Crazy bend. Gotta be a rock.

I am relatively new to bow hunting. I am curious how many reuse their broad heads after a miss or hit even.

I have saved all my hits as momentos. It's only 5 so far so not a big loss. 3 are damaged too badly to use - 2 busted up broad heads and a snapped arrow. 1 had enough nicks on the blades after passing through and getting stuck in the ground that I d have to work it with a file or replace the blades. I had one pass through and hit soft dirt.
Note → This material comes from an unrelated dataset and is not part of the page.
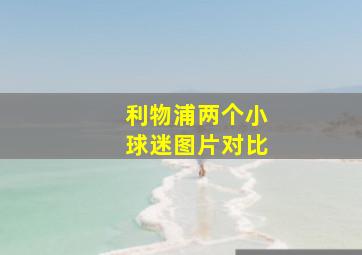 利物浦两个小球迷图片对比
It could be washed and reused but I want to save it.
 
Some of my mechanicals I will reuse for turkeys if they aren't damaged and some fixed heads I will change blades or resharpen, depending on the model.
 
Considering there is no damage to the front blades makes me question if that was from a hard impact at all. Also the fact it's at an almost perfect 90' bend. Something just doesn't add up there.
 
Considering there is no damage to the front blades makes me question if that was from a hard impact at all. Also the fact it's at an almost perfect 90' bend. Something just doesn't add up there.
That's why I found it so strange. How I found the arrow, it looked like it had been shot, missed, and impacted the ground. I pulled it out and the bend surprised me. If it had been a direct bone hit, it wouldn't have been stuck in the ground. If it had hit a rock, then like you, I would assume that cutting tip would have been dented or damaged.

Bigfoot maybe.
 
Here's my guess. Got shot into a tree, and then bent trying to pry it out. Tree wasn't hard enough to damage the front blades. Whoever did it just ditched the arrow in the woods worrying about a cracked shaft.
 
I bend all my heads like that so I can shoot around corners.